I am gripped by this fear that my own small thing I'm doing to repair the world is fruitless. Because it easy to believe that we can change our history. It is hard to think that we can change our History.

One of the marvels of history is how haphazard it seems; a series of accidents lead up to where we are. I could have picked a different college and never met my wife. I could have picked a different book off the shelf. I could have taken a different train.

But History carries with it the myth of its own Inevitability. Events happen, and afterward we explain the Forces that led up to them: this ideology, that economic trend, this political movement, that technology. Even O'Neill and Soufa can't stand up to History. That's what I'm thinking about when I'm reading the article.

Later that day, they announce the arrest of a group that was thinking of bombing the Holland Tunnel. My family and I live on an island.

Today 172 people died in a series of terrorist bombings on a train in India. Seven explosions.

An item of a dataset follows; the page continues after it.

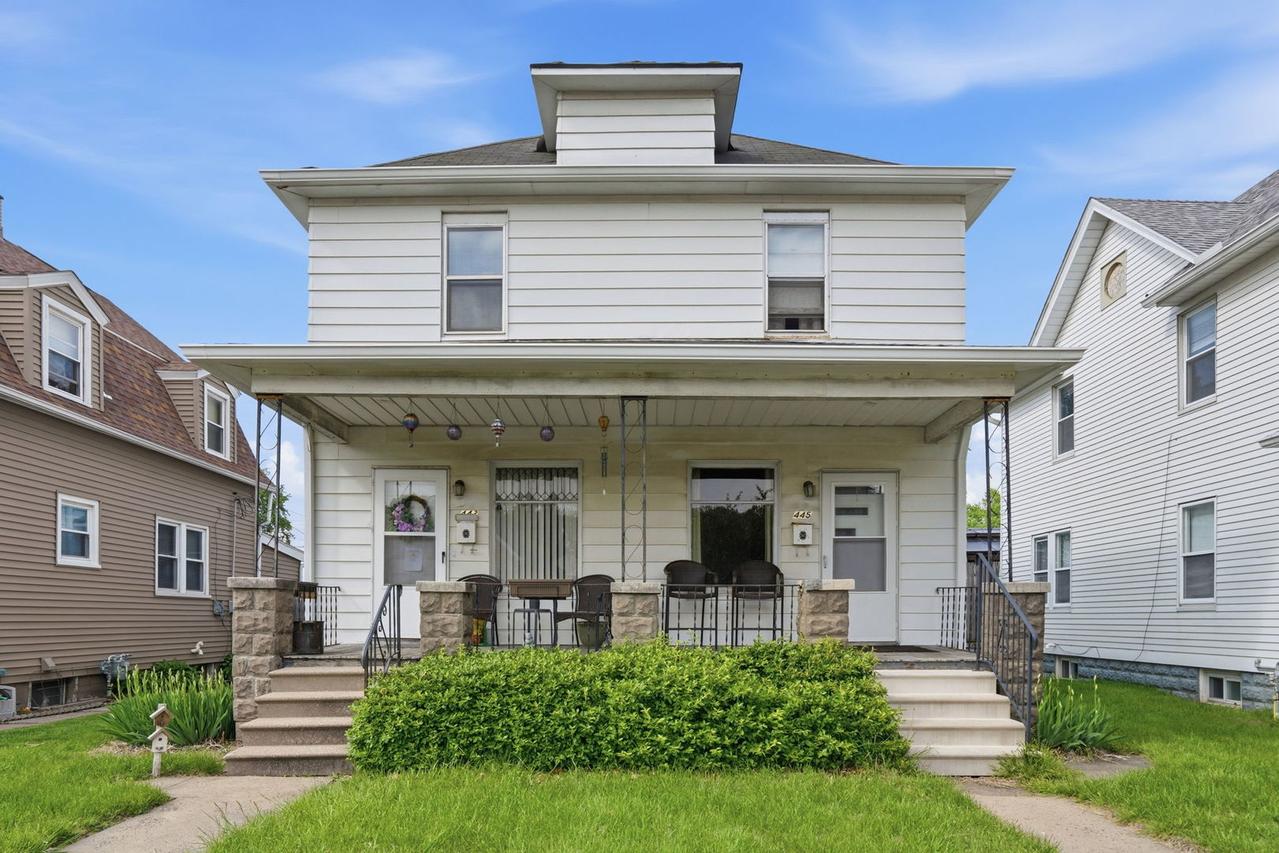 443 16th Ave., East Moline, IL 61244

My first thought is to all of our Indian and South Asian friends -- both those we know by face and those we've met through this blog -- I hope and pray that your families are all right. Hope and prayer seem like thin paper stretched over sticks of balsa wood. In a world on fire.

Whom were you trying to target? The working class men who struggle for an inch of space in local trains? The working women who knit and cut vegetables in trains on their way home? Young, dreamy students discussing exams and love? The babies accompanying their mothers, smiling back at the women around them? Darkness is fast falling. Its raining like it will not stop. Will the rains wash away the blood?

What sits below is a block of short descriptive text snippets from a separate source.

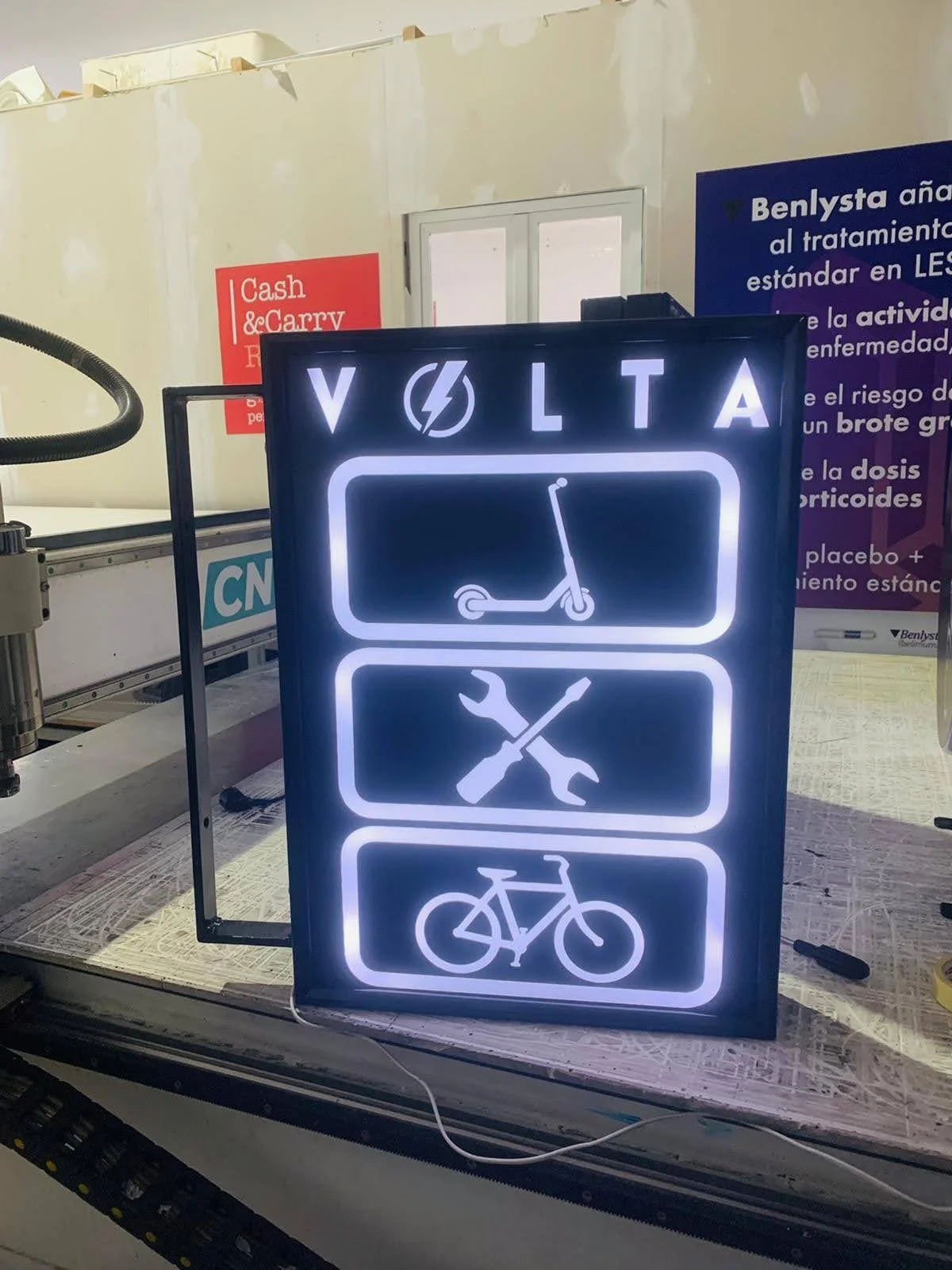 Banderola Luminosa - VOLTA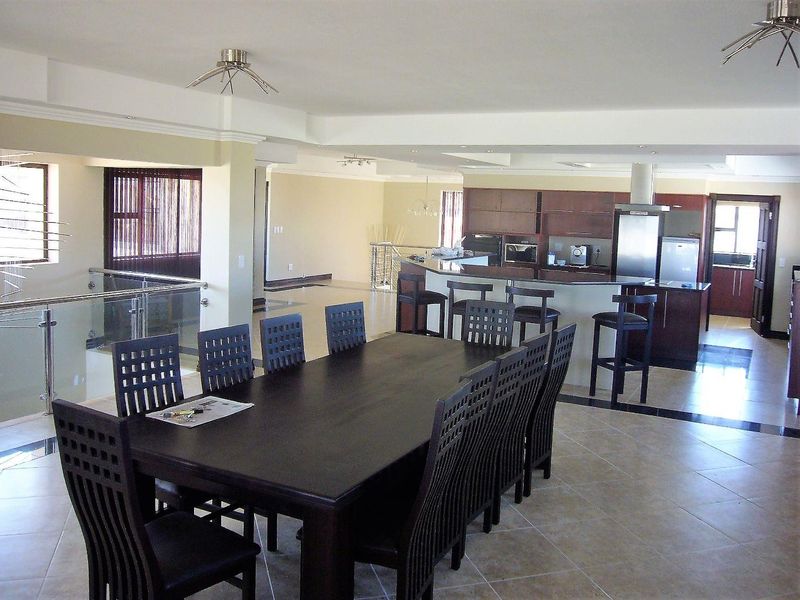 Stunning Double-Storey Home with Permanent Sea Views - Photo 9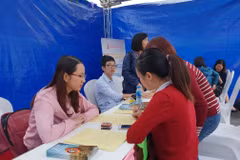 Người dân viết vào phiếu đăng ký tham gia hiến tạng. (Ảnh: PV/Vietnam+)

I start reading what the bloggers are writing, the firsthand accounts and the anguish and the recriminations, and then I just can't anymore.

So tonight I sit down and think about History. I put on Joni Mitchell's Blue, because nothing else will do right now.

There's some other music, actually, that I'm thinking of, a composition by Steve Reich, called Different Trains. Reich weaves taped interviews about World War II into his music. "During the war years, Reich made train journeys between New York and Los Angeles to visit his parents, who had separated. Years later, he pondered the fact that, as a Jew, had he been in Europe instead of the United States at that time, he might have been travelling in very different trains."

172 people could have travelled on a very different train. I could have taken a very different train. We get on trains every day, thinking they will take us where we always go. But then History arrives instead.

There is something terrifying in the idea of a History we cannot change. It is why I reject the myth of the inevitability of History. And yet there is a demon, a devil of History, who whispers in our ears that the myth is true, that we are ceaselesly borne forwards and cannot change what happens to us. We are on the train and there is no stopping it.

Some researchers in South America have recently found that a people called the Aymara point in front of them when talking about the past, and behind them when talking about the future. This reminded more than one commenter of Walter Benjamin's angel of history:

A Klee painting named Angelus Novus shows an angel looking as though he is about to move away from something he is fixedly contemplating. His eyes are staring, his mouth is open, his wings are spread. This is how one pictures the angel of history. His face is turned toward the past. Where we perceive a chain of events, he sees one single catastrophe which keeps piling wreckage and hurls it in front of his feet. The angel would like to stay, awaken the dead, and make whole what has been smashed. But a storm is blowing in from Paradise; it has got caught in his wings with such a violence that the angel can no longer close them. The storm irresistibly propels him into the future to which his back is turned, while the pile of debris before him grows skyward. This storm is what we call progress.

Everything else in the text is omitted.